Two new semiconductor materials were explored by Professor Kim’s team:
Titanium dioxide (TiO2) was already a well known semiconductor material in this field, as it had already been used on a large scale to create solar cells. It has great electrical properties, is non-toxic and is environmentally friendly; a perfect candidate for this new project. TiO2 absorbs UV light (which is a part of the light spectrum that is invisible to human eyes) and allows most of the visible parts of the light spectrum through.
Nickel oxide (NiO) was the other material that was considered by the team at Incheon National University, which is a semiconductor, also known for its high optical transparency. Nickel is one of the most plentiful substances on Earth and can be easily worked at low temperatures. This makes NiO a great candidate for the manufacture of transparent solar cells.
The new solar cell design was constructed from a metal oxide electrode and a glass substrate, each of the two aforementioned semiconductors were laid on top of one another in thin layers (first TiO2, then NiO). The final step was to coat the construction with silver nanowires, which act as the second electrode for the solar cell.
Windows of the future will be able to harness the energy of the sun and reduce our dependence on fossil fuels. Source: Unsplash
Several tests were then conducted to analyze the new device’s performance, its ability to transmit and absorb light, as well as the cell’s efficiency and effectiveness.
The results were another encouraging step in the right direction. The cells demonstrated a power conversion efficiency of 2.1%, compared to 15% to 22% efficiency of current solar panels. This is a good figure for the new cells when it is considered that these cells target a relatively small section of the light spectrum. Another important property that these new cells possessed was the ability to work in low-light situations. This is extremely important for solar cells, as it is a common misconception that they must be located in a sun-filled climate in order to work efficiently. It was also found that the cells were highly responsive, more that 57% of the visible light was able to pass through the layers, achieving a, somewhat transparent, effect.
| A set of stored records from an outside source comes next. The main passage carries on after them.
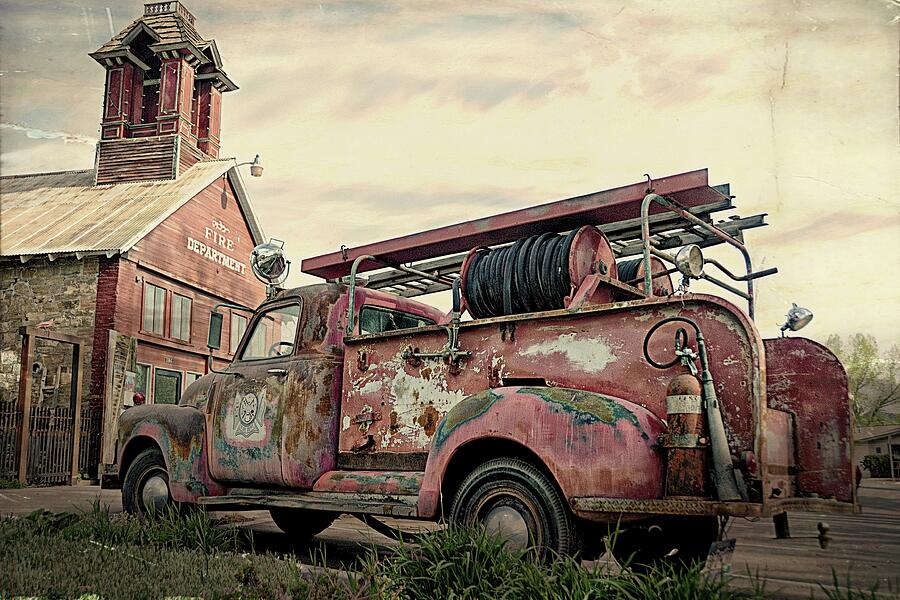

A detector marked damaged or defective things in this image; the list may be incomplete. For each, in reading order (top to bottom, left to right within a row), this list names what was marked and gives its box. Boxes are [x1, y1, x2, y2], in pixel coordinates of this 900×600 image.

rusty red fire truck [107, 170, 856, 568]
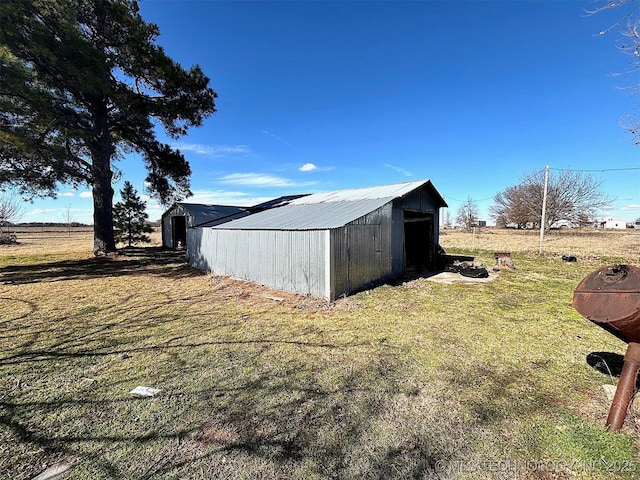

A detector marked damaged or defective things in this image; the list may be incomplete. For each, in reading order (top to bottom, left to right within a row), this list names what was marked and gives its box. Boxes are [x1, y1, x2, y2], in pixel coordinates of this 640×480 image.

rusty metal barrel [572, 264, 640, 434]
rusted tank [572, 266, 640, 432]
rust stain on metal [572, 264, 640, 434]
The final stage of testing showed how these solar cells could be used to power small motors. Professor Kim stated that while this technology is still quite new, improvements can still be made to optimize the cells for transparent applications. This will be the aim of this team and many others.
There are several other prototypes being tested in different research facilities around the world with varying results. A team from the University of Michigan have created a carbon-based solar panel that allows 43.3% of light through, but has an impressive efficiency of 8%. These cells have a slight green tint to them, akin to the tint you may see in sunglasses and car Windows. They have also tested a model with a silver electrode, with 45.8% transparency and 10.8% efficiency. These however may not be suitable for most applications due to their slightly more prominent green tint.
Time will tell whether the invisible solar cells integrated into Windows will become a reality. If so, the solar energy industry will have taken a huge leap forward in pushing the world towards clean sources of energy.
So what do you think of this new technology? I would love to hear your thoughts on these futuristic solar panels in the Комментарии и мнения владельцев below!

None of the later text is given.